We evaluated the isolated and synergistic effects of temperature and particulate matter with aerodynamic diameter < 10 µm (PM₁₀) on the mortality of individuals > 40 years old due to cardiovascular disease and that of individuals > 60 years old due to respiratory diseases in Sao Paulo, SP, Southeastern Brazil, between 1998 and 2008. Three methodologies were used to evaluate the isolated association: time-series analysis using Poisson regression model, bidirectional case-crossover analysis matched by period, and case-crossover analysis matched by the confounding factor, i.e., average temperature or pollutant concentration. The graphical representation of the response surface, generated by the interaction term between these factors added to the Poisson regression model, was interpreted to evaluate the synergistic effect of the risk factors.

RESULTS

No differences were observed between the results of the case-crossover and time-series analyses. The percentage change in the relative risk of cardiovascular and respiratory mortality was 0.85% (0.45;1.25) and 1.60% (0.74;2.46), respectively, due to an increase of 10 μg/m³ in the PM₁₀ concentration. The pattern of correlation of the temperature with cardiovascular mortality was U-shaped and that with respiratory mortality was J-shaped, indicating an increased relative risk at high temperatures.
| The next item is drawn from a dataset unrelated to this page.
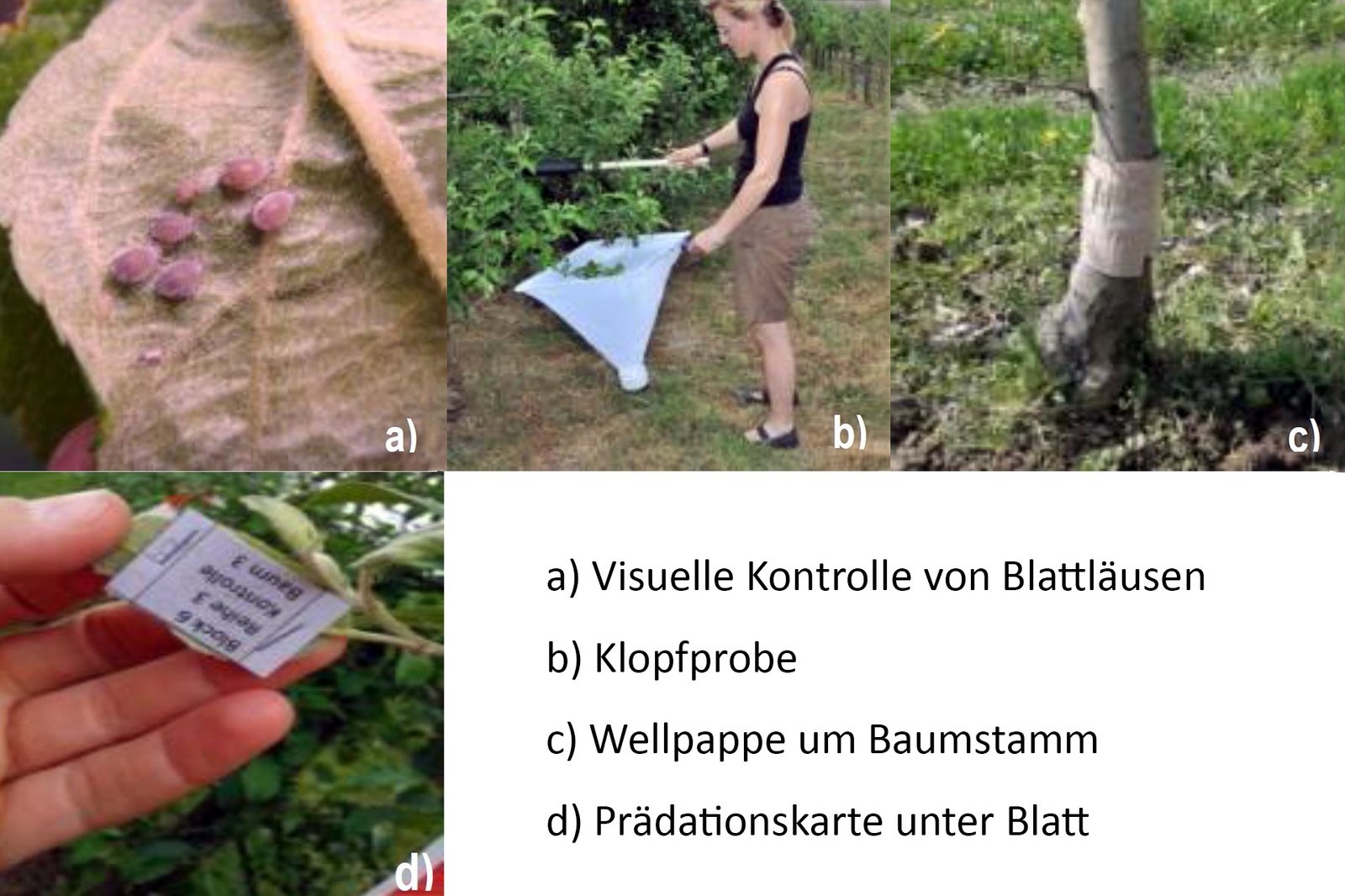 Monitoring Werkzeuge: Visuelle Kontrolle von Blattläusen, Kopfprobe, Wellpappe um den Baumstamm, Prädationskarte unter Blatt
The values for the interaction term indicated a higher relative risk for cardiovascular and respiratory mortalities at low temperatures and high temperatures, respectively, when the pollution levels reached approximately 60 μg/m³.

CONCLUSIONS

The positive association standardized in the Poisson regression model for pollutant concentration is not confounded by temperature, and the effect of temperature is not confounded by the pollutant levels in the time-series analysis. The simultaneous exposure to different levels of environmental factors can create synergistic effects that are as disturbing as those caused by extreme concentrations.